Urbanism Law No. 350/2001 (the ”Urbanism Law”) was amended by Emergency Ordinance No. 7/2011, which has now been approved by Law No. 190/2013 (“Law 190”). According to the Parliament, the amendments assure the conformity of Romanian law with European principles of territorial and urban sustainable development.
The Urbanism Law is the main legal framework of Romania’s urbanism regime. The recent amendments are meant to harmonize the legal provisions with the updated construction regime, and to implement such provisions on the basis of a national territorial development strategy, avoiding chaotic urban development.
Based on the recent amendments, new regulations related to key urbanism documentations (PUZ – the zonal urbanism plan, PUD – the detailed urbanism plan and PUG – the general urbanism plan) have been issued.

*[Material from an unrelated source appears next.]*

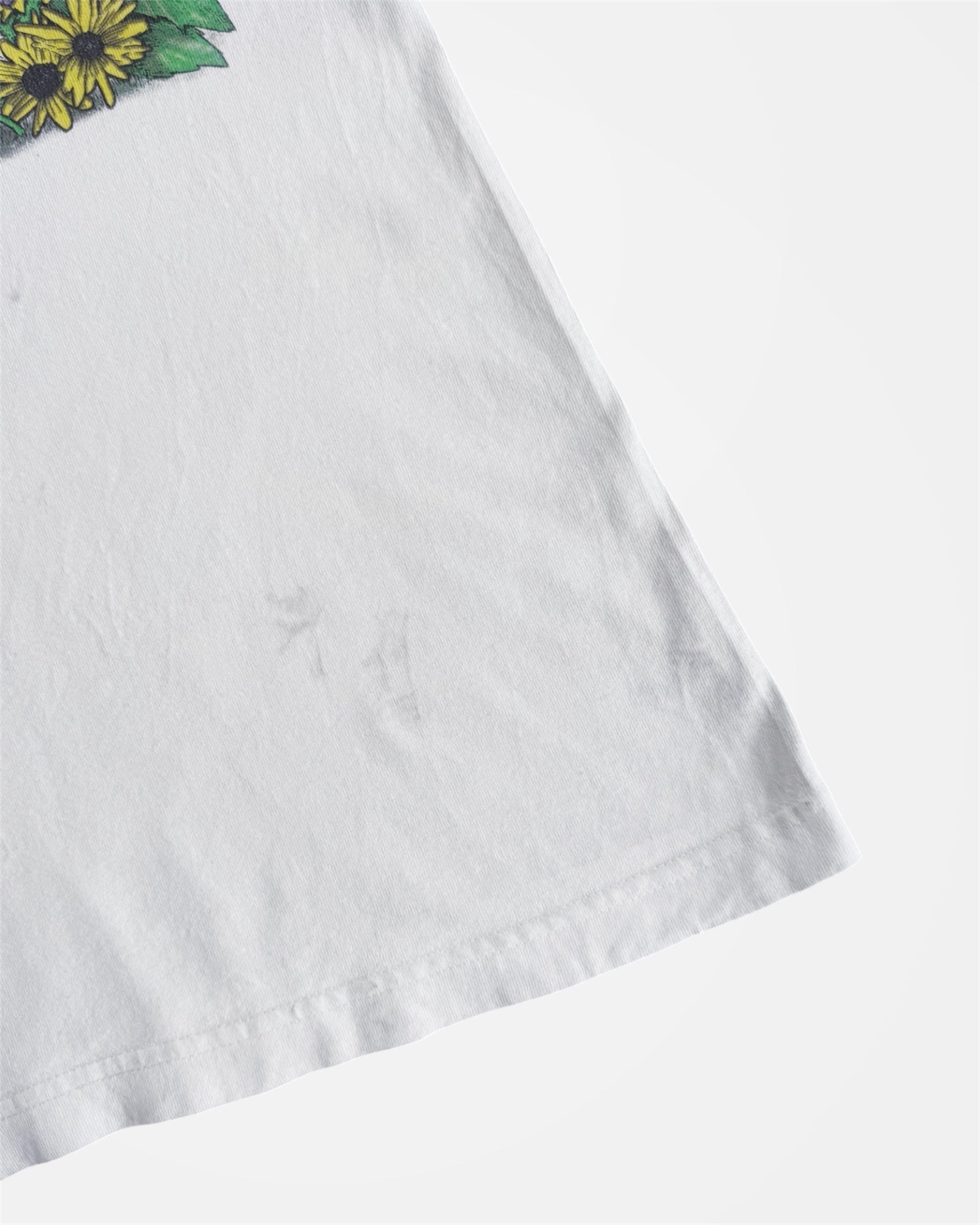 (M) VINTAGE GARDENING CATS FRONT/BACK PRINTS OF TAILS TEE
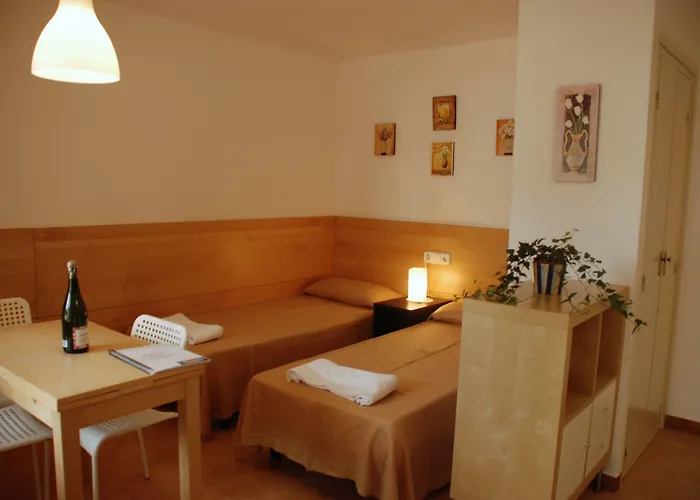 Margarita Sabina Pinell *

One of the most controversial amendments is the right of private investors, irrespective of the type of new development, to initiate and fund a PUZ which may derogate from and amend the regulations established by the local urbanism documentations approved for a specific zone (i.e., PUG and the local urbanism regulations).
We note that, according to the previous provisions of the Urbanism Law, only local authorities were entitled to initiate such a PUZ, except for some limited categories of private investors which envisaged the development of industrial, commercial, cultural or technological parks, hypermarkets, supermarkets and residential neighborhoods.
However, the amendment of certain technical parameters established through the PUG (e.g., the coefficient of land utilization (CUT), by way of a PUZ is limited, as an approved CUT may only be exceeded by maximum 20% based on a PUZ. Nevertheless, this limitation will not apply in case of envisaged zones of economic interest, respectively industrial, commercial and technological parks, hypermarkets, supermarkets, services areas. etc.
Another controversial amendment to the Urbanism Law is the possibility of private investors to amend the approved technical parameters of protected areas, through new urbanism documentations (e.g., PUZ) which may be initiated/elaborated directly by such private investors. These amendments will be in any case based on an opportunity approval (Romanian: aviz de oportunitate), and may exceed the current parameters by only up to 20% as long as no modification will be brought to the general aspect of that area.
As for the PUG, the validity term of such documentation remains a maximum of 10 years, although such term may be extended by up to five years (instead of three as previously provided.
Further, the urbanism certificate (CU) - the document that ensures the application of the urbanism regulations by providing the legal, economic and technical regime of a real estate property, as well as the conditions that must be met in view of an envisaged investment, sale of real estate or other related actions, according to the law - will additionally contain, among others:
(i) an excerpt from the relevant local urbanism regulations (part of the general urbanism plan (PUG)); and
(ii) the compliance of the envisaged development with the urbanism documentations, informing the applicant with respect to: (a) the prohibition to amend local urbanism documentations; (b) the possibility to amend the local urbanism documentation, without obtaining an opportunity approval; and (c) the necessity to obtain an opportunity approval.
As for the right of control with respect to the new urbanism documentation, starting with 13 July 2013, the prefect’s right to claim in court the annulment of the decisions based on which the urbanism documents were approved, without observing the legal provisions, has been abrogated. Currently the persons entitled to claim such annulment in court are the State Inspectorate for Constructions, the Chief Architect and any interested person.
The urbanism documents elaborated before 1 February2012 and not approved before the date of entry into force of Emergency Ordinance No. 7/2011 will be approved under the conditions of the amended Urbanism Law. The update of expired approvals does not incur any costs and shall be made within a maximum of 15 days from the application date. In case the authorities do not provide an answer to the applicant or the new approval is not formally issued with the 15-day term, the approval is considered tacitly issued.
Within 90 days from the date of entry into force of Law 190, the Ministry of Regional Development and Public Administration will elaborate the methodological norms of Law 190. The Urbanism Law shall be republished in the Official Gazette.
Sources: Official Gazette of Romania, Part I, No. 373 of 10 July 2001, Official Gazette of Romania, Part I, No. 111 of 11 February 2011, Official Gazette of Romania, Part I, No. 845 of 13 December 2012 and Official Gazette of Romania, Part I, No. 418 of 10 July 2013.